Kavandi was a member of NASA’s 15th class of astronaut candidates, selected in 1994. Her first mission to space was on the shuttle Discovery in 1998. She has logged more than 33 days in space, traveling more than 13.1 million miles in 535 Earth orbits.

Veteran NASA astronauts James Buchli and Janet Kavandi were inducted into the U.S. Astronaut Hall of Fame in a public ceremony at Kennedy Space Center Visitor Complex in the Space Shuttle Atlantis attraction on April 6, 2019. Credits: NASA/Cory Huston

Inside the space shuttle Atlantis attraction at NASA’s Kennedy Space Center in Florida last month, Kavandi and former NASA astronaut Jim Buchli were selected by a panel of Hall of Fame astronauts, former NASA officials, historians and journalists. She considers her induction one of the greatest honors of her life.

“This is the cherry on top,” she says.

Kavandi said she cherished the childhood moments she shared with her dad in Cassville and the gifts he gave her – doctor kits instead of dolls.

“We often sat under the night sky identifying constellations and marveling at the Milky Way, which we could see in the country in Missouri.

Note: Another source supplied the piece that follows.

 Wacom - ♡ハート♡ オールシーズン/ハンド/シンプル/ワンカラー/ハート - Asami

We would watch points of light lighting along their stationary counterparts and we wondered who was up there,” she said.

Kavandi says her amazing family at home and work have been the key to everything.

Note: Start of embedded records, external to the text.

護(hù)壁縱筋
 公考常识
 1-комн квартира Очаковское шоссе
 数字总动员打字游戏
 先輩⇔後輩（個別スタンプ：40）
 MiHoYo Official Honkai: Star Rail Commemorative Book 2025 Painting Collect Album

“It’s not easy to watch your spouse, or your parent or your sister blast off the Earth on a rocket in a trail of smoke and fire. We, the lucky few here, got to be on the fun side of things. We got the shaking and the rolling and we were rewarded with a magnificent view of the planet once we reached the orbit,” she says. “How unnerving, however, it was for those standing on the rooftops. It’s the families that really deserve the medals. We had the fun part and they had the really hard part.”

Kavandi attended Missouri Southern State University in Joplin and Missouri S&T in Rolla. She worked for EaglePicher Technologies in Joplin and later developed energy storage devices for spacecraft at Boeing.

Kavandi currently serves as the director of NASA’s esteemed Glenn Research Center in Cleveland, Ohio overseeing about 3,000 workers doing cutting-edge research.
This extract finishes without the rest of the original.